Task details. From the line containing "BEABA BABYCOOK PLUS DUO 4w1 URZĄDZENIE WIELOFUNKC. BEABA" to the last line of the listing, transcribe exactly and add nothing else; keep both ends and omit pictures.

Dataset records.
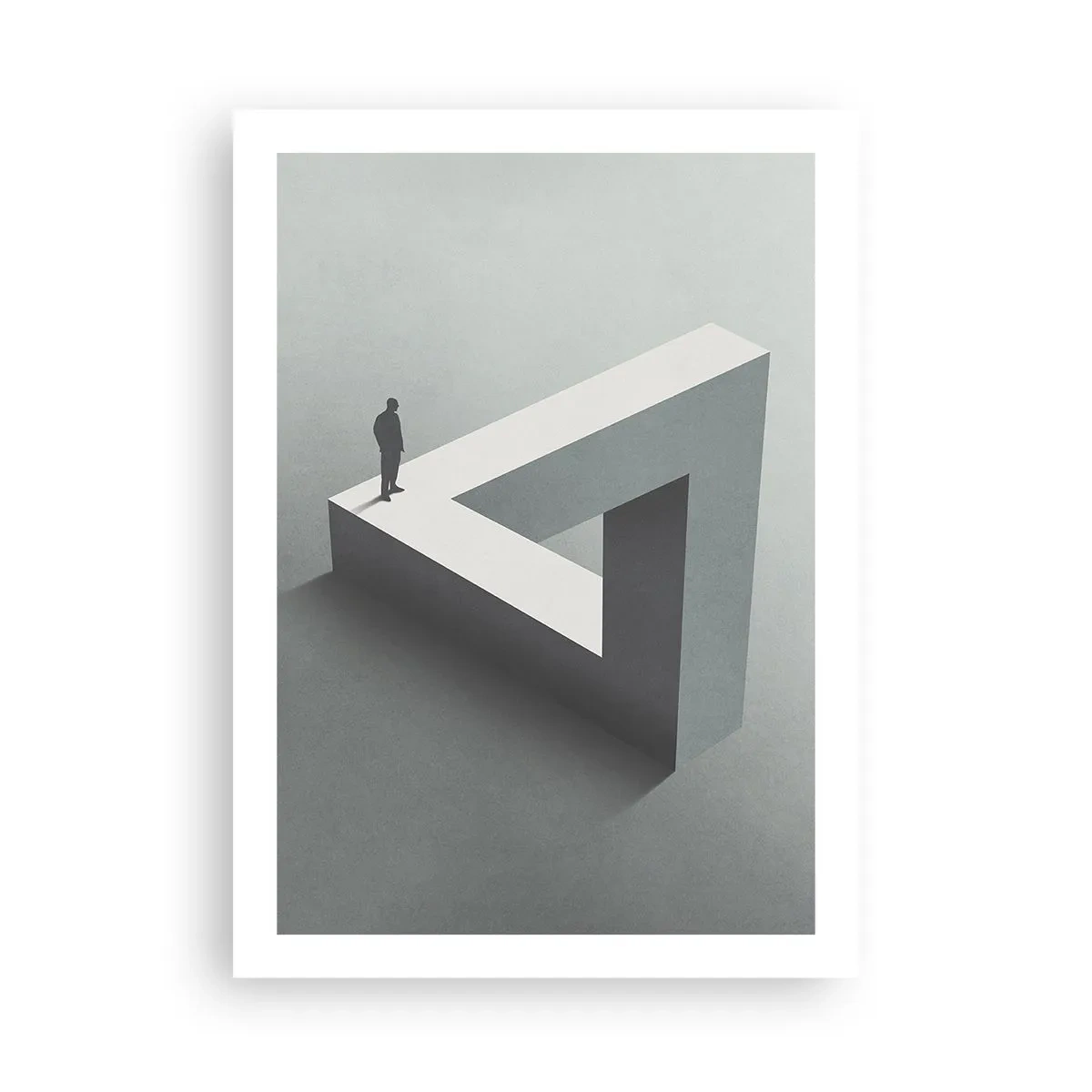 Plakát - A přece je to možné - 50x70 cm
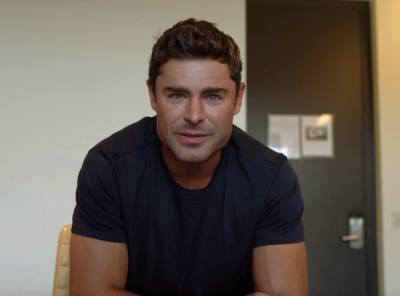 Zac Efron Break His Grandfather Out Of Nursing Home In ‘Mission Impossible’ Themed Video - etcanada.com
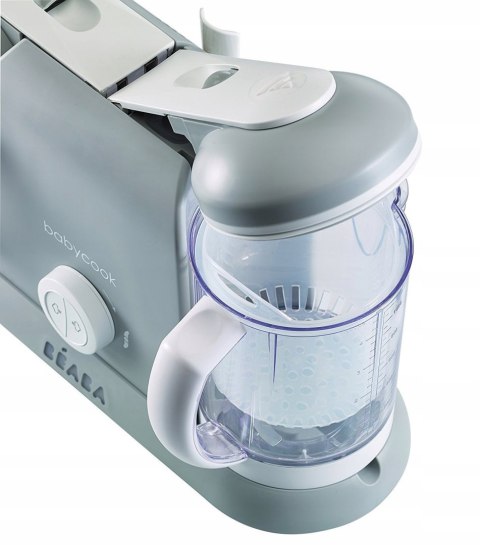 BEABA BABYCOOK PLUS DUO 4w1 URZĄDZENIE WIELOFUNKC. BEABA BABYCOOK PLUS DUO 4w1 URZĄDZENIE WIELOFUNKC.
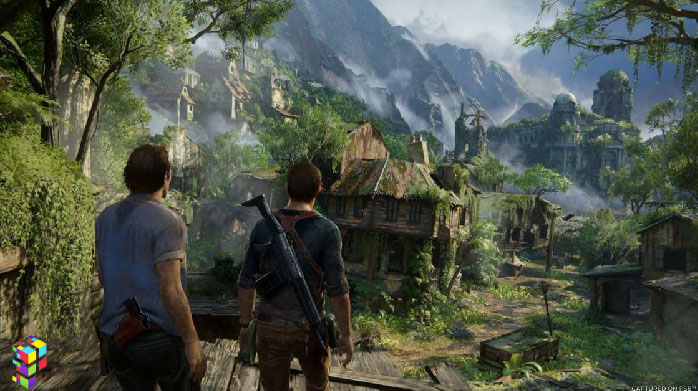 بازی Uncharted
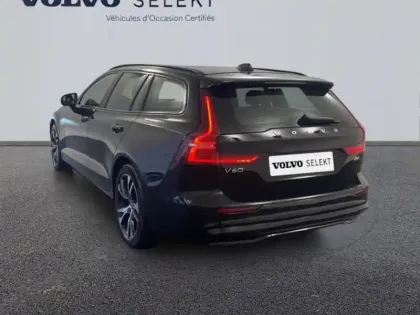 Photo 21 Volvo V60  B4 197ch Ultra Style Dark DCT 7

Task response.
 BEABA BABYCOOK PLUS DUO 4w1 URZĄDZENIE WIELOFUNKC. BEABA BABYCOOK PLUS DUO 4w1 URZĄDZENIE WIELOFUNKC.
 بازی Uncharted
 Photo 21 Volvo V60  B4 197ch Ultra Style Dark DCT 7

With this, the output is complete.